Patria, la nueva novela de Fernando Aramburu, retoma una temática ya abordada por el autor en Los peces de la amargura (2006) y Los años lentos (2012): el drama que gira en torno al País Vasco y la Eta, actualmente inactiva tras el anuncio del cese de las armas, proclamado en 2011. La propuesta de este narrador nacido en San Sebastián, pero residente en Alemania desde 1985, consiste en seguir los pasos de dos familias de un pueblo cercano a Rentería, a las que une un antiguo vínculo de amistad. Sin embargo, dicho vínculo se rompe una vez que el hijo de uno de los matrimonios participa en el atentado que termina con la vida del Txato, no sólo amigo, sino también dueño de la empresa en la que trabaja su padre. Así, están representadas dos tendencias dentro del nacionalismo vasco: de un lado, una vertiente más identificada con sectores burgueses y de inclinación católica; del otro, una nueva generación de jóvenes que hacia mediados del siglo pasado adoptó posiciones más radicales, volcándose a la lucha armada.

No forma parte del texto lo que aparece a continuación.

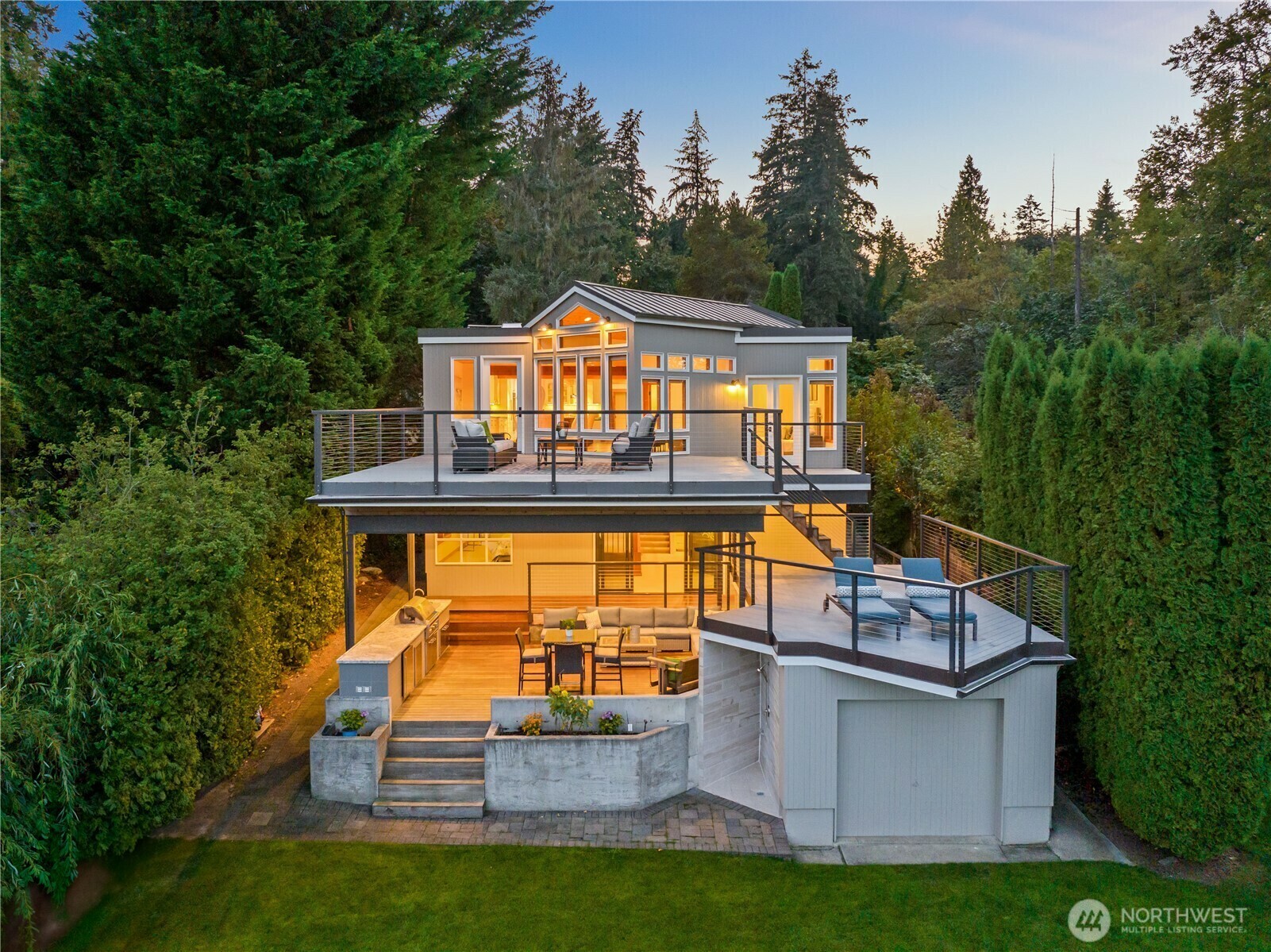 Property Photo: 2624 W Lake Sammamish Parkway NE WA 98052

Se trata de nueve personajes protagónicos –y esto explica la extensión de la novela, que supera las seiscientas páginas– unidos por el hecho de estar relacionados en mayor o menor medida con el episodio de violencia. Patria se abre con el personaje de Bittori, viuda del Txato, de vuelta en el pueblo (del que se había ido, siguiendo la voluntad de sus hijos, Nerea y Xabier, “para perder de vista la acera donde mataron a su marido y para no seguir aguantando las miradas torvas de los vecinos”). Ese mismo día, Eta declara el abandono de las armas. De esta forma se da un enclave histórico preciso, pero Patria envuelve una cronología que, mediante saltos temporales, se extiende a lo largo de tres décadas de la historia del pueblo vasco, apuntando en su centro las rupturas dramáticas y las evoluciones que experimentan las familias, fracturadas en sus mismos cimientos por el fanatismo político y el miedo.

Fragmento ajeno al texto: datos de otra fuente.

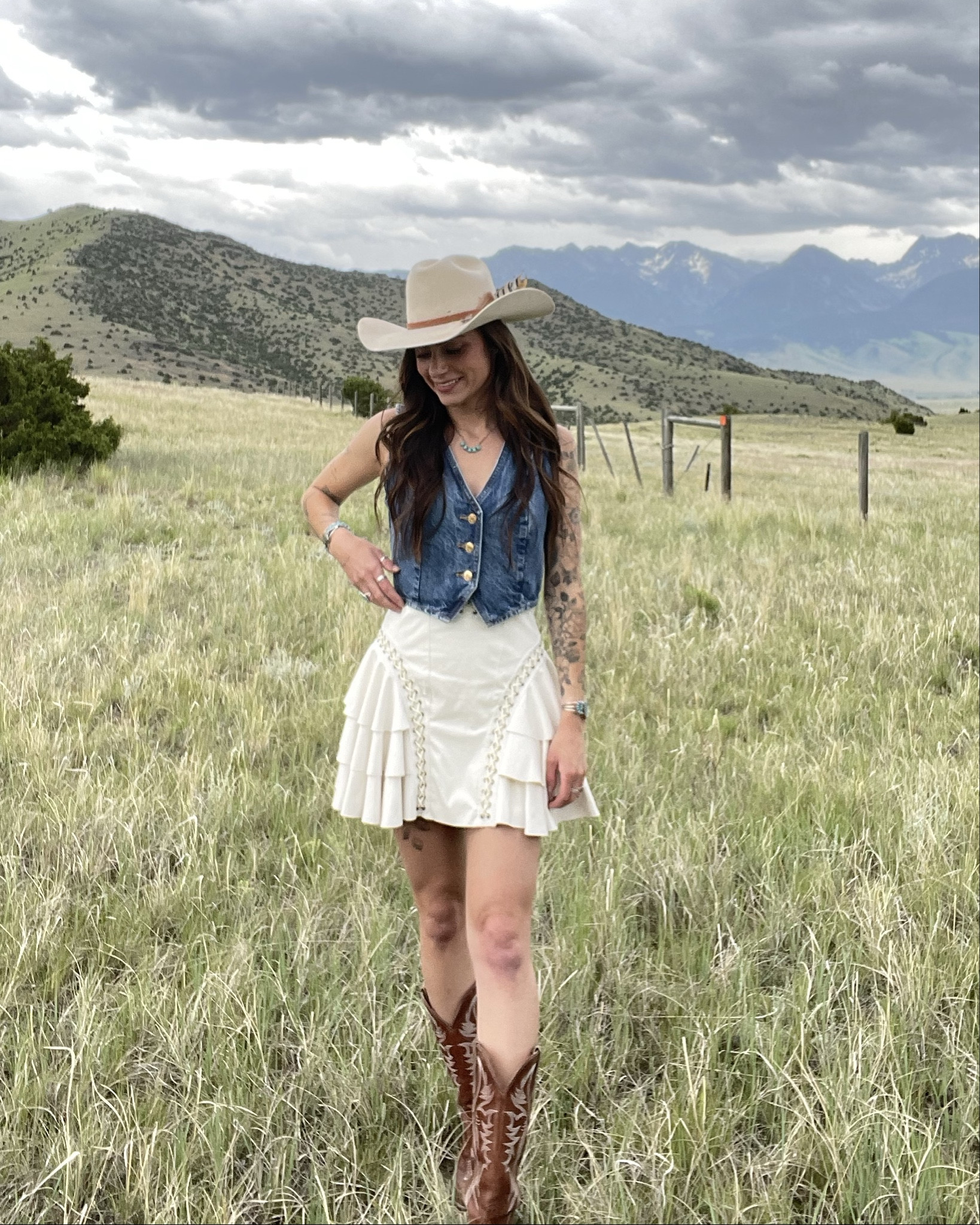 Hat: Cofer Hat Co similar linked
Vest: Zara similar linked

#LTKShoeCrush #LTKFindsUnder50 #LTKFindsUnder100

A medida que avanza la historia, los perfiles de los personajes asumen espesor. Por sólo destacar a algunos: están la ya mencionada Bittori con su abismo de melancolía luego del asesinato de su marido, y Nerea, su hija (en cierto modo la “descarriada”), con la que tiene desavenencias por no haber estado para el entierro de su padre; Miren y Joxian, los padres del joven miembro de Eta, que expresan, cada uno a su manera, diversas formas de afrontar la ausencia de su hijo presidiario: la primera se vuelve intolerante y con una tendencia a defender posturas extremistas, el segundo dedica su tiempo al cultivo de su huerta. El rol de la Iglesia Católica encarnado por el cura don Serapio merecería un capítulo aparte.

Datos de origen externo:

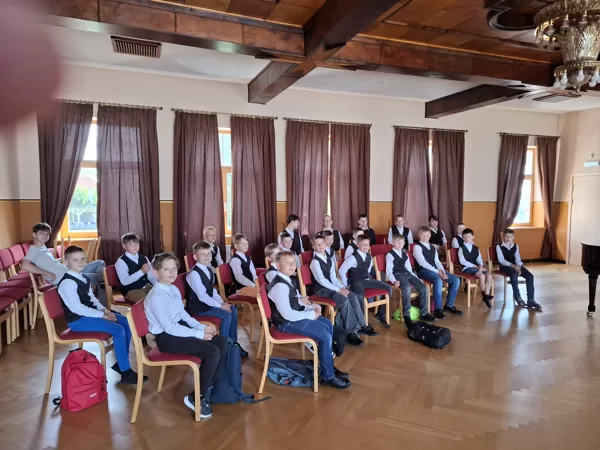 Tūlīt, tūlīt dosimies uz R'ibu. Latviešu Biedrības namu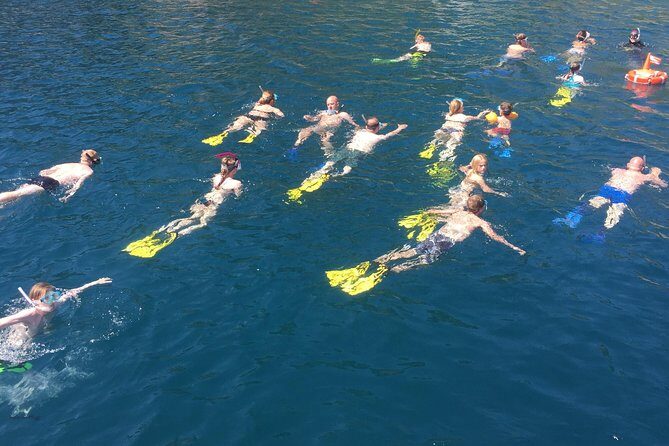 Coast to Coast from Taormina -2 HOURS MINI- CRUISE ISOLABELLA - The Itinerary in Detail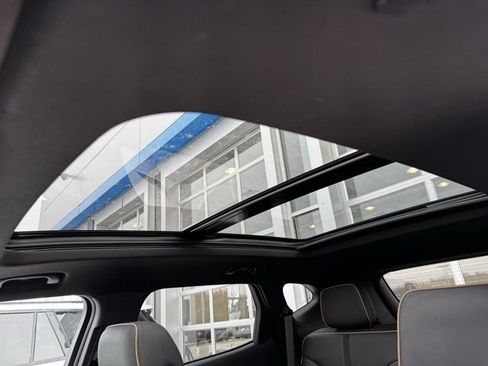 Certified 2024 Chevrolet Blazer Premier w/ Driver Confidence II Package image 6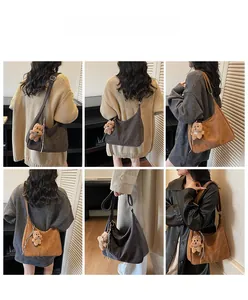 Viste dettagliate di una grande borsa Hobo con ciondolo a forma di orso e tracolla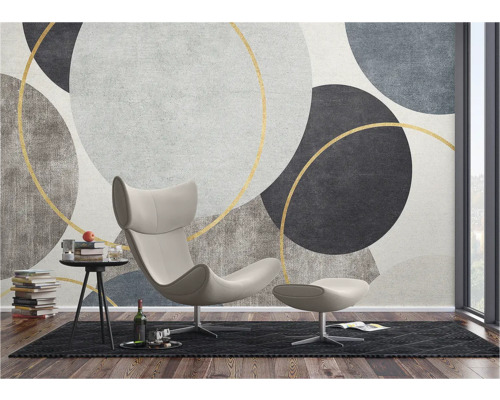 Woonkamer met geometrisch cirkelbehang, fauteuil en bijzettafel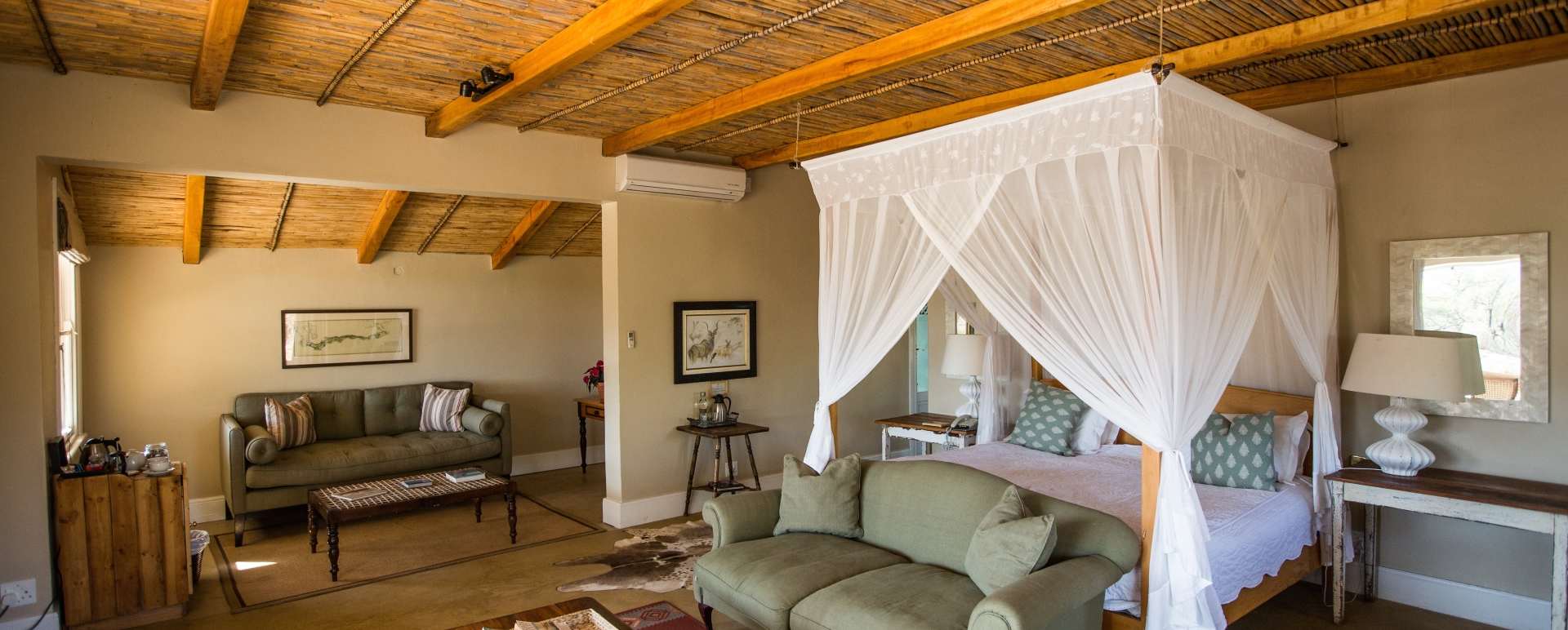 Honeymoon suite 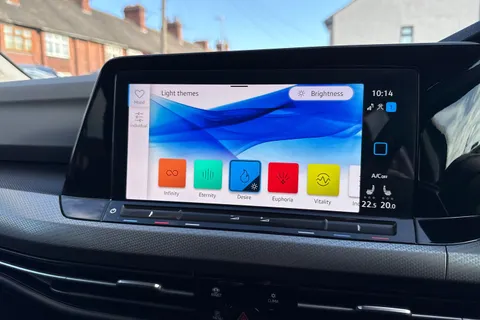 34 of 49 for Volkswagen Golf 1.0 TSI Active Euro 6 (s/s) 5dr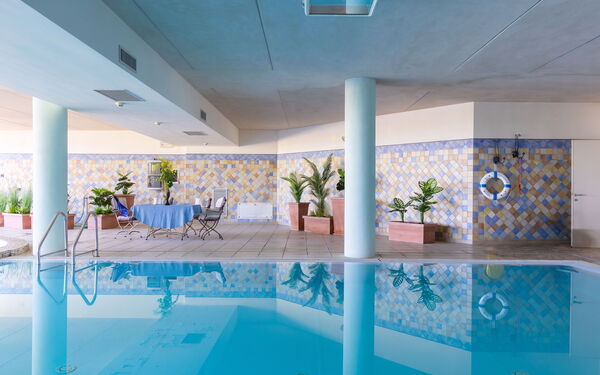 Villa Belvedere San Bartolo: Pool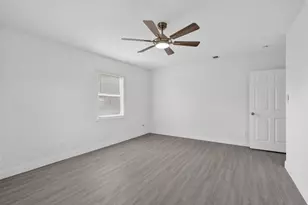 124 SE Eyerly Ave, Port Saint Lucie, FL 34983 - Photo 19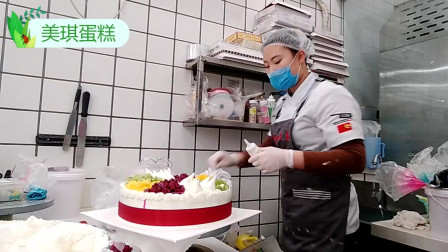 美琪教你做寿桃水果蛋糕，这样做超香甜美味，老人过生日必备！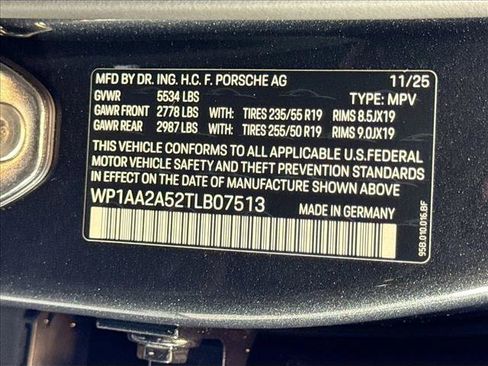 Certified 2026 Porsche Macan AWD/4WD image 27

Mediante un centenar de capítulos cortos, la narración vuelve una y otra vez, desde diferentes puntos de vista, a algunos centros nucleares sobre los que gravita el argumento. Expresa el autor en una entrevista realizada por Iñaki Gabilondo: “Lo que yo he pretendido ha sido hacer un dibujo general, en el que estuvieran todos los actores. (…) Es evidente que no hay víctimas si no hay agresores, y yo he querido introducir a unos y otros, pero no reducidos a unos recipientes llenos de ideas o de tesis, a mí lo que me interesa es la condición humana”. El registro pasa, a través de modulaciones sutiles o fracturas, del discurso indirecto libre al traslado de la voz de los personajes, y va articulando modos de vivir la experiencia del dolor con una impronta que resulta próxima. El estilo inscribe una sintaxis que viene de la oralidad: los personajes conversan y monologan, se pierden en discusiones efusivas o se interrumpen por la indignación, dejando el sentido del enunciado inconcluso. Hay un marcado interés por recoger usos y modismos de la lengua, puesto que este es otro de los niveles en los que se desarrolla el conflicto.
Un libro que, sin dejar de ser ficción, establece un diálogo urgente con una coyuntura política muy concreta, insertándose así en un debate más amplio que mueve a recepciones acaloradas en su país. En ese cruce en permanente tensión entre literatura y política, da la sensación de que ciertos giros argumentales que introduce el autor hacia el final –y que conducen a una resolución casi axiomática de todas las líneas de acción– terminan por bajar notoriamente el nivel de la novela. Sin mencionar que el lector que no esté del todo al tanto de la actualidad del asunto posiblemente sienta que se le escapan referencias y sobreentendidos que son sustanciales para captar el sentido profundo de la novela.